Look below for the line containing "BYD Seagull 2024"; from there, print each line exactly up to and including the line containing "Cornbred's Golden Jawbreaker Acro", and stop.

Records from a dataset:
^^^^^^^^

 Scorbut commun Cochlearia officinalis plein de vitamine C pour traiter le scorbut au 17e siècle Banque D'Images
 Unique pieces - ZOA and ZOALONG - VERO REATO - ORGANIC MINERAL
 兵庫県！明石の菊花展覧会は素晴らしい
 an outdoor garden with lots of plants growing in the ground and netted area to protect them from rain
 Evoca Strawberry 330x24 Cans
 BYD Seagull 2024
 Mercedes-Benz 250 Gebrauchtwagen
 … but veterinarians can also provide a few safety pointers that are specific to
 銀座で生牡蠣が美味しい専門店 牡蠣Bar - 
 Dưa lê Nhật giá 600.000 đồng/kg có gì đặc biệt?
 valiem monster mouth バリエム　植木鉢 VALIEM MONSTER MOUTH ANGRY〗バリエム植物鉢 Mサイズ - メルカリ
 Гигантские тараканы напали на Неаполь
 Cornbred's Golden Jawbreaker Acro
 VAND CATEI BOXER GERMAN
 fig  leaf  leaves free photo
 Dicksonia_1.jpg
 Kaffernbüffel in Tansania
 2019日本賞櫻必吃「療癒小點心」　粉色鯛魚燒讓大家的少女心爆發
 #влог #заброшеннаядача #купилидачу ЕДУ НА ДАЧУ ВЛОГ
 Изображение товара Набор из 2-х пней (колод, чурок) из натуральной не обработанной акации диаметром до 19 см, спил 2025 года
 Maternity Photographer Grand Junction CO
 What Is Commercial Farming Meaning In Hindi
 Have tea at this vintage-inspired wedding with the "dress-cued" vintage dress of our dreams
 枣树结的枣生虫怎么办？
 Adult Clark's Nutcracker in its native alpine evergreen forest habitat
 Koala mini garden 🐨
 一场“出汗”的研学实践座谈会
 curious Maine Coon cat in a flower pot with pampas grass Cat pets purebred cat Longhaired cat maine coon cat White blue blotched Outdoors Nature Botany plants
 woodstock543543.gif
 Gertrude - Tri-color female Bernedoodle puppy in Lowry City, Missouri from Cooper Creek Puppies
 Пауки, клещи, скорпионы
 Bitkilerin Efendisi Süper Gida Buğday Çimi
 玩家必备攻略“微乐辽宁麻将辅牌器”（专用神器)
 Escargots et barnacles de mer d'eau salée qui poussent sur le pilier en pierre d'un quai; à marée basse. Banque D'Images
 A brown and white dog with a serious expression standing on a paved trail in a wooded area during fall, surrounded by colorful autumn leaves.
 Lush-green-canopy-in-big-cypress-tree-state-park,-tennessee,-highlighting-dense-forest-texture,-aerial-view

^^^^^^^^

TASK SOLUTION →
 BYD Seagull 2024
 Mercedes-Benz 250 Gebrauchtwagen
 … but veterinarians can also provide a few safety pointers that are specific to
 銀座で生牡蠣が美味しい専門店 牡蠣Bar - 
 Dưa lê Nhật giá 600.000 đồng/kg có gì đặc biệt?
 valiem monster mouth バリエム　植木鉢 VALIEM MONSTER MOUTH ANGRY〗バリエム植物鉢 Mサイズ - メルカリ
 Гигантские тараканы напали на Неаполь
 Cornbred's Golden Jawbreaker Acro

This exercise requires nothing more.